- EXERCISE GOAL -
All records must be quoted exactly. Omit the pictures.

- PROVIDED DATA -
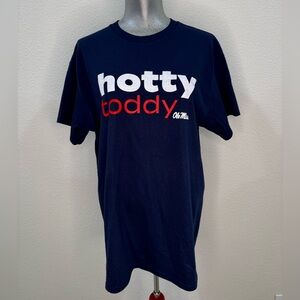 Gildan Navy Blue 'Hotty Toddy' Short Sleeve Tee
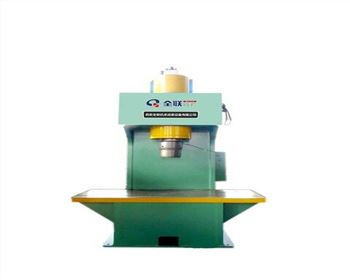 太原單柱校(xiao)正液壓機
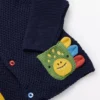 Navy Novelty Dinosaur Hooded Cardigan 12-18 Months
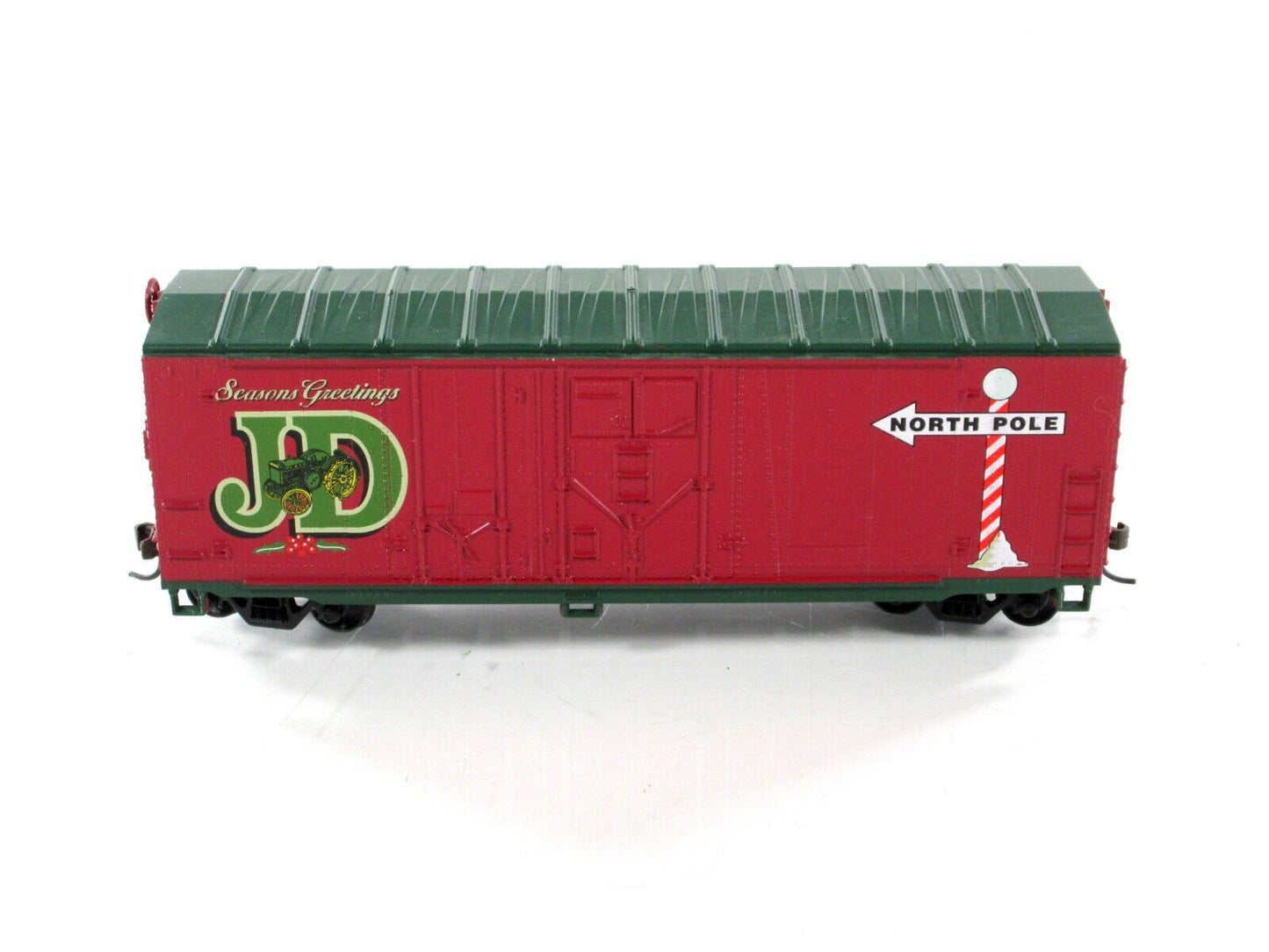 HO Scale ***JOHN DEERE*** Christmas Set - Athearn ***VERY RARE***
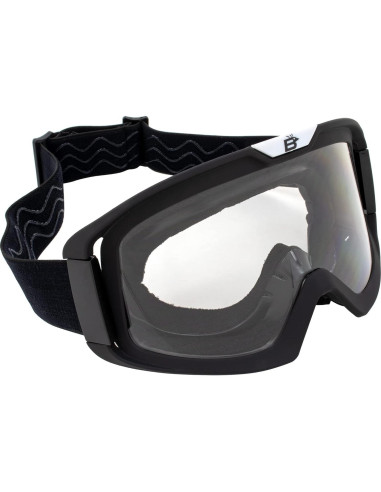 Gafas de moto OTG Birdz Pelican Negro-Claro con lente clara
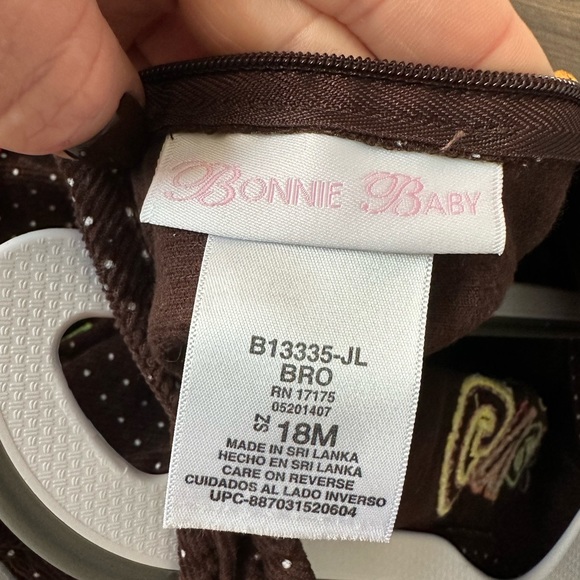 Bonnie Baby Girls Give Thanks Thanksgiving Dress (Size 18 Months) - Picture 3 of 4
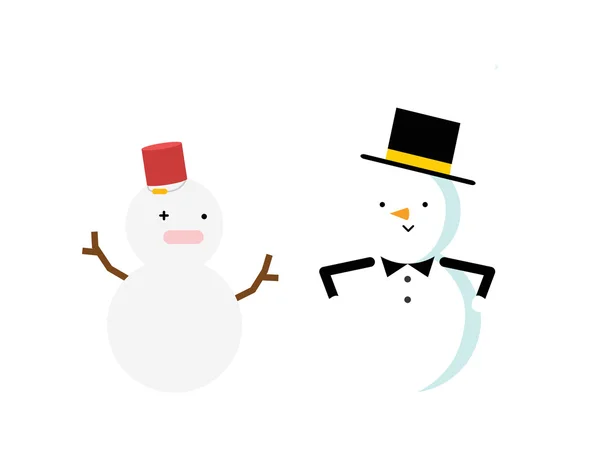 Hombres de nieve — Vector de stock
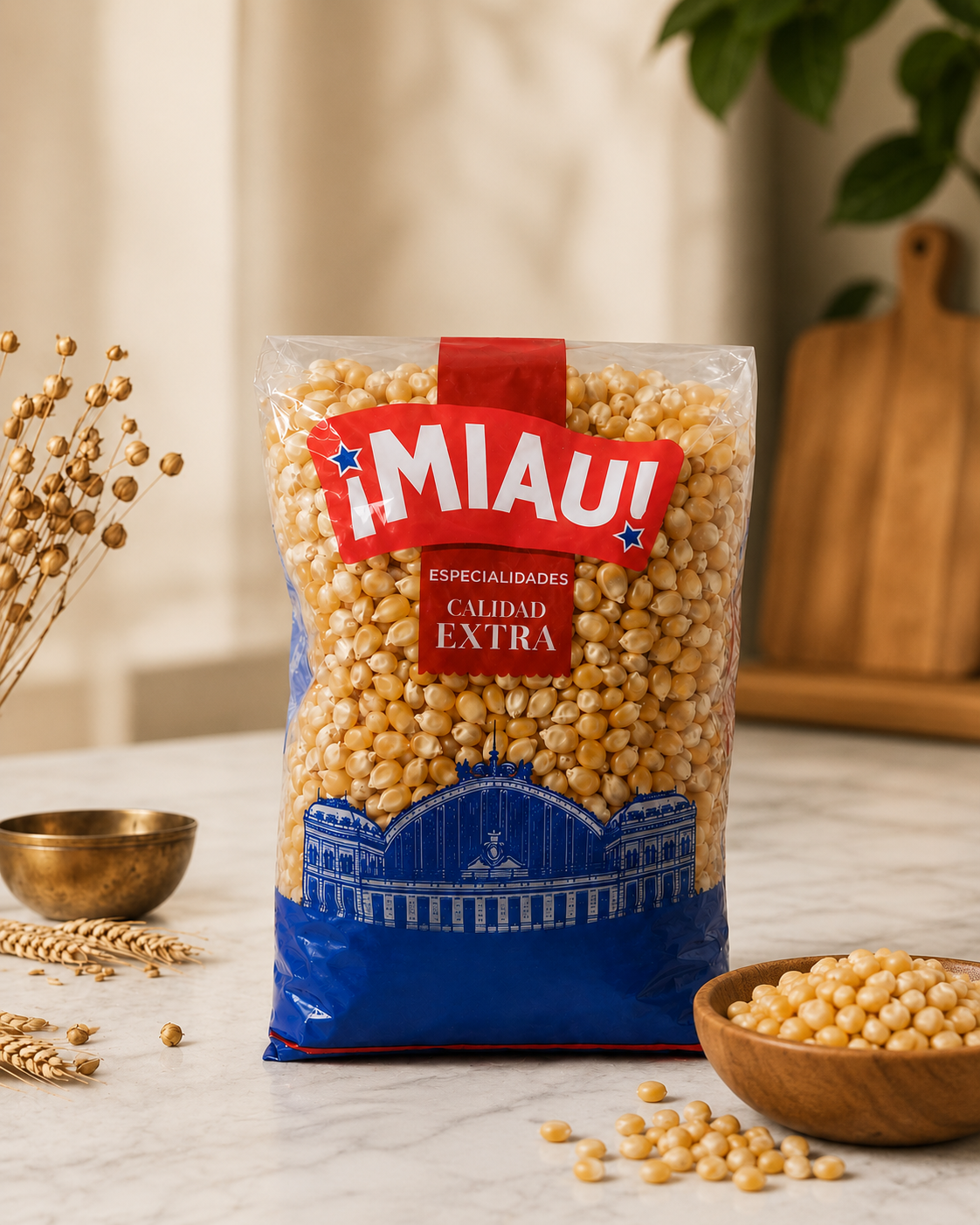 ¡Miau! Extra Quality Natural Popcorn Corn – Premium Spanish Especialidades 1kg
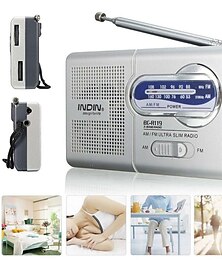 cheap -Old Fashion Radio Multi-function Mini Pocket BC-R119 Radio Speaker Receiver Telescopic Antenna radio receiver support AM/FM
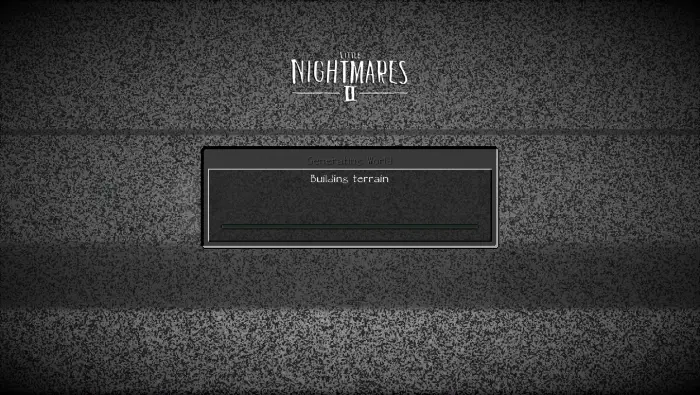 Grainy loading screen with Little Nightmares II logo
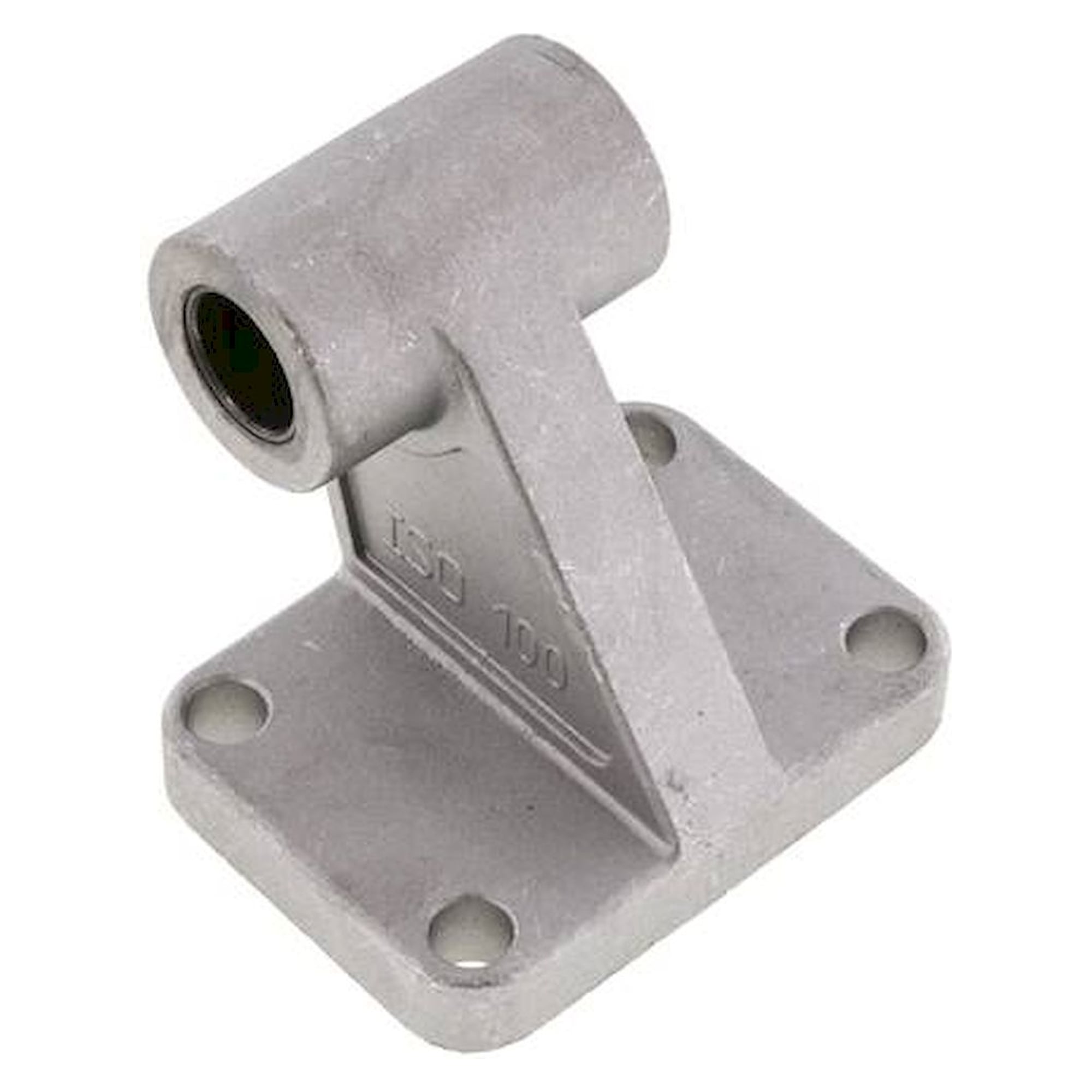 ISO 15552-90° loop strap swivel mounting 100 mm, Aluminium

- THE COMPLETED TASK -
 Gildan Navy Blue 'Hotty Toddy' Short Sleeve Tee
 太原單柱校(xiao)正液壓機
 Navy Novelty Dinosaur Hooded Cardigan 12-18 Months
 HO Scale ***JOHN DEERE*** Christmas Set - Athearn ***VERY RARE***
 Gafas de moto OTG Birdz Pelican Negro-Claro con lente clara
 Bonnie Baby Girls Give Thanks Thanksgiving Dress (Size 18 Months) - Picture 3 of 4
 Hombres de nieve — Vector de stock
 ¡Miau! Extra Quality Natural Popcorn Corn – Premium Spanish Especialidades 1kg
 cheap -Old Fashion Radio Multi-function Mini Pocket BC-R119 Radio Speaker Receiver Telescopic Antenna radio receiver support AM/FM
 Grainy loading screen with Little Nightmares II logo
 ISO 15552-90° loop strap swivel mounting 100 mm, Aluminium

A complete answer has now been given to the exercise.